_THE TASK_
Your answer should consist of every line from the records that holds the string "Picture".

(Scraped caption text data)
= = = = = = =

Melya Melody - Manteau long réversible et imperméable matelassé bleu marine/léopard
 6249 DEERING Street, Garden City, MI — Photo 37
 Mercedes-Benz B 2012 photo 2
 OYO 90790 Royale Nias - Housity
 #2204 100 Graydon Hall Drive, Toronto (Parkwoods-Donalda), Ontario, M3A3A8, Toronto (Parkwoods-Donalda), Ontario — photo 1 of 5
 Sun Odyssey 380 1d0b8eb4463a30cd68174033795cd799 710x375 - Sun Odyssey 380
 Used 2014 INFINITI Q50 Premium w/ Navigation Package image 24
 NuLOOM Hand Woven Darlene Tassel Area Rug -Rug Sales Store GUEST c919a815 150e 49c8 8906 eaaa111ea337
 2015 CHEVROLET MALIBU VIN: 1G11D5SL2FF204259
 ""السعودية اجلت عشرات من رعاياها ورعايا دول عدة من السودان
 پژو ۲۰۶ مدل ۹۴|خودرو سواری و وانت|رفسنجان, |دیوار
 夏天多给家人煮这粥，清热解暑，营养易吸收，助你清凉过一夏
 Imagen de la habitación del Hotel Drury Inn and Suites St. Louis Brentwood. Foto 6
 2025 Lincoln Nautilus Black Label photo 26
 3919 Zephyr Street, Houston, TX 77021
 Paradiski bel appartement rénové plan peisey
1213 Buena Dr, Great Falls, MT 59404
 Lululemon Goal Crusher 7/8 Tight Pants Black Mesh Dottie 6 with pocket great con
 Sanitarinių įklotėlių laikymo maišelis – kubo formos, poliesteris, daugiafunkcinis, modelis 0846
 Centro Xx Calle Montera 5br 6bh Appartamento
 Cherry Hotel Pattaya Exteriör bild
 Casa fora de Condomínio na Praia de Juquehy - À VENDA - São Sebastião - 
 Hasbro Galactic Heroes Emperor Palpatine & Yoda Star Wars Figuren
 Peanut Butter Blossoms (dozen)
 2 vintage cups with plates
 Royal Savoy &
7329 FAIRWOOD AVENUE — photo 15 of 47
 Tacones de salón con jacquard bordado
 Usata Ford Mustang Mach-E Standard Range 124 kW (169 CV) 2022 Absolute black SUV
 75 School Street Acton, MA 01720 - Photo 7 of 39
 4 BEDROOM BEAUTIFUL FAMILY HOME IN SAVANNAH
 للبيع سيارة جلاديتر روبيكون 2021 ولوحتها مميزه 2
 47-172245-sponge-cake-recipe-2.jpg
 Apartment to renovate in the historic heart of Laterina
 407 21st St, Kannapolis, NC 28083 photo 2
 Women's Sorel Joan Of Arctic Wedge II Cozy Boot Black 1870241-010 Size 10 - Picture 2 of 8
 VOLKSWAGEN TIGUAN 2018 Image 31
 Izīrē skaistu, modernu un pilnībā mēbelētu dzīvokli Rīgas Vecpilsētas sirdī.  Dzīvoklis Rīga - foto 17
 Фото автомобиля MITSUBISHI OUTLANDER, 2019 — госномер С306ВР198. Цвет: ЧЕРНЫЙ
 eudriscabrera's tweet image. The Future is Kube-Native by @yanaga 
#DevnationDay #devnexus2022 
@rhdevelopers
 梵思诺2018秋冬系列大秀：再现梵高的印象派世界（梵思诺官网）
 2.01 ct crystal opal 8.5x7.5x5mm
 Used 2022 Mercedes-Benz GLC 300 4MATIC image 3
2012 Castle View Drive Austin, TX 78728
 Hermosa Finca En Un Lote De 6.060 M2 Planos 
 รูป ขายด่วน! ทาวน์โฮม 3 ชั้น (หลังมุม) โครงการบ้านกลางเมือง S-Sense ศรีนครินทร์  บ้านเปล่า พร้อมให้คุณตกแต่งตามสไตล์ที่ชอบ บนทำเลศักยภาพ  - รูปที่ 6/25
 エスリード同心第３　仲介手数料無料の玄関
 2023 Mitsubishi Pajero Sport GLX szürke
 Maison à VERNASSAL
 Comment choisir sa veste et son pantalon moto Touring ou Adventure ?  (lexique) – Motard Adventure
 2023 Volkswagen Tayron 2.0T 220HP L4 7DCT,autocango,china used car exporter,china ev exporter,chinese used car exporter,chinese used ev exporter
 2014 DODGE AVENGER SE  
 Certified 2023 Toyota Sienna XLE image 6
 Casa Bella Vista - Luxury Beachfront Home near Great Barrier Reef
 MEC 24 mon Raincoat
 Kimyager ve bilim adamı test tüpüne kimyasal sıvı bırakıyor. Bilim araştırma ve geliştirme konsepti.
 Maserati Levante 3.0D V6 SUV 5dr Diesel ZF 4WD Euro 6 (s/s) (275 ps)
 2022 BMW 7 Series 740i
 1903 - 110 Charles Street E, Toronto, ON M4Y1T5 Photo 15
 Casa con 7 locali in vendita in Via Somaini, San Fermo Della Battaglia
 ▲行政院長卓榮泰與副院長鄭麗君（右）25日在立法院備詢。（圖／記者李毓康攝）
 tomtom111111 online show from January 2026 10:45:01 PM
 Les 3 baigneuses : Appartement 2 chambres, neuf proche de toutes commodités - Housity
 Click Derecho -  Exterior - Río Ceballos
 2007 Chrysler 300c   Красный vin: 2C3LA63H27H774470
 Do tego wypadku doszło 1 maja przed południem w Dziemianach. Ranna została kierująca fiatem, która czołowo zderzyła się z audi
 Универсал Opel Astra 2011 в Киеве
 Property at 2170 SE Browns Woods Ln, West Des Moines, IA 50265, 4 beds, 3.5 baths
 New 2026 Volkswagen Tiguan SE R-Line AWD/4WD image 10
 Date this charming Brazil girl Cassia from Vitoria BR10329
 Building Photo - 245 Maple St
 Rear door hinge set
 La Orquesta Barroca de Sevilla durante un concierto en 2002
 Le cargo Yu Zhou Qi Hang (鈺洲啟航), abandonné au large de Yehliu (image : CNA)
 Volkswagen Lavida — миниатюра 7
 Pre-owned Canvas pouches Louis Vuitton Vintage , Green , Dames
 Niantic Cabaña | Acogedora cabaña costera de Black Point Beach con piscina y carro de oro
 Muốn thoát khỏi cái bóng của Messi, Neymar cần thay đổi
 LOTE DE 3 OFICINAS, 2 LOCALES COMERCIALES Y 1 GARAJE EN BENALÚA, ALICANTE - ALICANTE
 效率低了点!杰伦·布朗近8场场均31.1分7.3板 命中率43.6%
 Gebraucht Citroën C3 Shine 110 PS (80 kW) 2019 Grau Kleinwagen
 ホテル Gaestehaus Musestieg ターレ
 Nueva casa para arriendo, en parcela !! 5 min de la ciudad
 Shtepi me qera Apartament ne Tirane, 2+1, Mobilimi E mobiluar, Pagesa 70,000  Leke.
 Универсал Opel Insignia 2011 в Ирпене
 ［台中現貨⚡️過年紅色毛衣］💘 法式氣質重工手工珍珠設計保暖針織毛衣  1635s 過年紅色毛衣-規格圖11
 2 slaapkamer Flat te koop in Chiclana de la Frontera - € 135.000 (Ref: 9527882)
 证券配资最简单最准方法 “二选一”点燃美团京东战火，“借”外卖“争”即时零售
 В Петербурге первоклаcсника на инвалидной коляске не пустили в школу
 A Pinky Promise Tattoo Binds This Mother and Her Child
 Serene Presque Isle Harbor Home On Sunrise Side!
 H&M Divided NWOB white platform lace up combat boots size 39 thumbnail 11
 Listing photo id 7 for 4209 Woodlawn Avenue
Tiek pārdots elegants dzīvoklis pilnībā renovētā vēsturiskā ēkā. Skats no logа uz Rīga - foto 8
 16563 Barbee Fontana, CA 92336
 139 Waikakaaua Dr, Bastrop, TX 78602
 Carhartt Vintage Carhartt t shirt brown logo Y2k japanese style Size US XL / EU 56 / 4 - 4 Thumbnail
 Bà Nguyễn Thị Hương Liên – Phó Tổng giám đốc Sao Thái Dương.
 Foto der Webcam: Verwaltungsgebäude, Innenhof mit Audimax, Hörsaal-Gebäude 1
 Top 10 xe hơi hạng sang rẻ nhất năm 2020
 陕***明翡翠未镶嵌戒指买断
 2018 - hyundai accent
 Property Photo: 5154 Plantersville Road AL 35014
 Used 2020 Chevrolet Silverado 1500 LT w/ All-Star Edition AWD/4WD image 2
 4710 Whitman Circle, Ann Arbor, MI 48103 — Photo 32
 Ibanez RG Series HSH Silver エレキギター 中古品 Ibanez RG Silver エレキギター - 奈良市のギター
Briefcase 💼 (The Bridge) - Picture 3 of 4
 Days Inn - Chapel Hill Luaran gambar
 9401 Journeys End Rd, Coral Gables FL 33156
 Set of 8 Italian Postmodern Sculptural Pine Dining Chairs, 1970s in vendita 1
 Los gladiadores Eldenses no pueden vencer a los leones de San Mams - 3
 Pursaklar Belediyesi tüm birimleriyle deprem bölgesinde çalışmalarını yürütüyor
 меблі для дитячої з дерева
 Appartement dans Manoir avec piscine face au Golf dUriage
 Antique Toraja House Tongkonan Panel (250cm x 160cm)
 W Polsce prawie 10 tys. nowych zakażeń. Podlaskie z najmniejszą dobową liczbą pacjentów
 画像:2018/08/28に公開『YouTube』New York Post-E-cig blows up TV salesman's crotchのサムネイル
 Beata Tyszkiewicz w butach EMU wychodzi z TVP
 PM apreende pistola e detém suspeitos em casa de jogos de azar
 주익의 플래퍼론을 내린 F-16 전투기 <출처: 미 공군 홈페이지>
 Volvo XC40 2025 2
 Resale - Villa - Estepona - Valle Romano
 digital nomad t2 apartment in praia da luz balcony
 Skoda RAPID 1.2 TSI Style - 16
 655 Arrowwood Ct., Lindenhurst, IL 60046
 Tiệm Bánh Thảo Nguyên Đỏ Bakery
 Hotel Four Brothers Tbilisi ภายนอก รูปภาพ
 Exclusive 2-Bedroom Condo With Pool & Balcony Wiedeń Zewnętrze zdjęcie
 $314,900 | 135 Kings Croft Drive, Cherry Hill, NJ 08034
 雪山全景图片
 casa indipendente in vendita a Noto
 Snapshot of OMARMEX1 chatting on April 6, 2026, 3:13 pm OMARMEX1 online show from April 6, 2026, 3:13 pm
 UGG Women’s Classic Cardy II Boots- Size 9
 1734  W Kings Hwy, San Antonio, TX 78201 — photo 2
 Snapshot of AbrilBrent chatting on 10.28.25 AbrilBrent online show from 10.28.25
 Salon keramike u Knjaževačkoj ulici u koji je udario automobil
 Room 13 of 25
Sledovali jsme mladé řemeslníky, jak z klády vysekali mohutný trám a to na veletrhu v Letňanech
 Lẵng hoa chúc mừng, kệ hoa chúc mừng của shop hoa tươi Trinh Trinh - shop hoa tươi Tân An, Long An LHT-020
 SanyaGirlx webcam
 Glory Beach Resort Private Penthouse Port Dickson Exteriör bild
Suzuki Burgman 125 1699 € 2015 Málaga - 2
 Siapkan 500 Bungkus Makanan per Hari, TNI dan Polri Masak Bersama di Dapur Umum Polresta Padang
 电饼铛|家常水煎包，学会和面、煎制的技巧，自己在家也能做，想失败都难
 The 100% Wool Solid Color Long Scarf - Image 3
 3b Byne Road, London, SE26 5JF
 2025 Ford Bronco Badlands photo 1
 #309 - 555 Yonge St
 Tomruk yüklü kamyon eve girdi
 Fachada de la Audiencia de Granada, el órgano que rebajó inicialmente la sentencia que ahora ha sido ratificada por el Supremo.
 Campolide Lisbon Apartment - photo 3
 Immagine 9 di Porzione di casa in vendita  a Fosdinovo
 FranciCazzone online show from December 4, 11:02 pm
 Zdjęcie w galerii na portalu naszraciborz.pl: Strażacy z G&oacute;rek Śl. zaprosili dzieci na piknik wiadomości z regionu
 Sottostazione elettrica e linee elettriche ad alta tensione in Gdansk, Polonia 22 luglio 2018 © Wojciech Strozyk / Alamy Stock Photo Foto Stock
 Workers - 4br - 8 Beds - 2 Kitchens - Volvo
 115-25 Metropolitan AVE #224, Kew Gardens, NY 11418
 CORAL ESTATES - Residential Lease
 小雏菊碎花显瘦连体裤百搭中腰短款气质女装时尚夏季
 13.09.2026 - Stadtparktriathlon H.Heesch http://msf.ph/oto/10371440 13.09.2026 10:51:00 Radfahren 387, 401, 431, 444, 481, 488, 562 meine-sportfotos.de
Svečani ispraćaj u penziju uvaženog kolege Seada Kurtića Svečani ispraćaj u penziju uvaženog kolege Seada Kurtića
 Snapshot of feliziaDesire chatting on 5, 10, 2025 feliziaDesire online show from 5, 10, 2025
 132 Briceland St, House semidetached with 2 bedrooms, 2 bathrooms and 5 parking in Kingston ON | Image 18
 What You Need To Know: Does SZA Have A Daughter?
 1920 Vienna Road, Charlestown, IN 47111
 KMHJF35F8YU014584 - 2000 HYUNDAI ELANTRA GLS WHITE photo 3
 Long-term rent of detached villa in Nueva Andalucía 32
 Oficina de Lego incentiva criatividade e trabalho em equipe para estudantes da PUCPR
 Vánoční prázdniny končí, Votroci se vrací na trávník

= = = = = = =

_WRITTEN SOLUTION_
 Women's Sorel Joan Of Arctic Wedge II Cozy Boot Black 1870241-010 Size 10 - Picture 2 of 8
Briefcase 💼 (The Bridge) - Picture 3 of 4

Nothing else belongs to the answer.